» **YOUR TASK**: In the data below, the copy begins at the line containing "فروش گلدان در هفت تیر مشهد" and runs through the last line; repeat those lines exactly, minus the pictures.

(DATA SUPPLIED Opens)

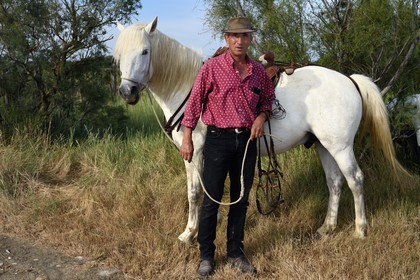 France, Bouches-du-Rhône (13), Parc naturel régional de Camargue, manade Jacques Mailhan, le gardian Christophe Prezet et son cheval camarguais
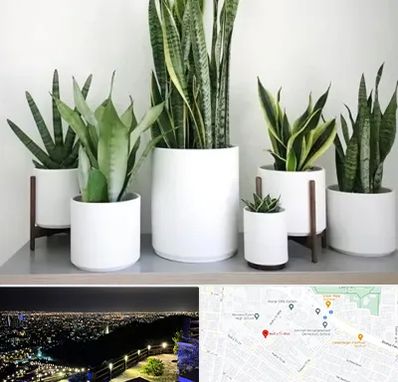 فروش گلدان در هفت تیر مشهد 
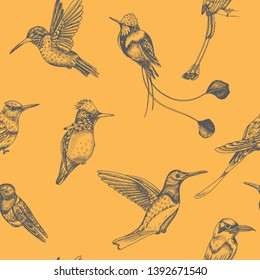 Sketch hand drawn pattern with hummingbird. Animals illustration colibri birds.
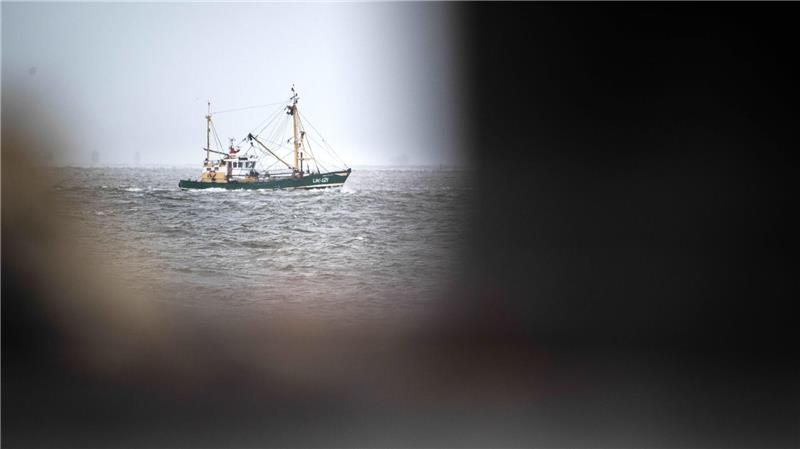 Krabbenfischer verlieren vor Gericht (Foto-aktuell).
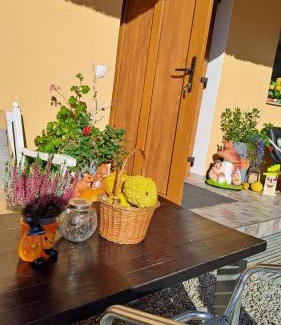 Cartisoara House | Vis Împlinit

(DATA SUPPLIED Closes)

» **OUTPUT OF THE EXERCISE**:
 فروش گلدان در هفت تیر مشهد 
 Sketch hand drawn pattern with hummingbird. Animals illustration colibri birds.
 Krabbenfischer verlieren vor Gericht (Foto-aktuell).
 Cartisoara House | Vis Împlinit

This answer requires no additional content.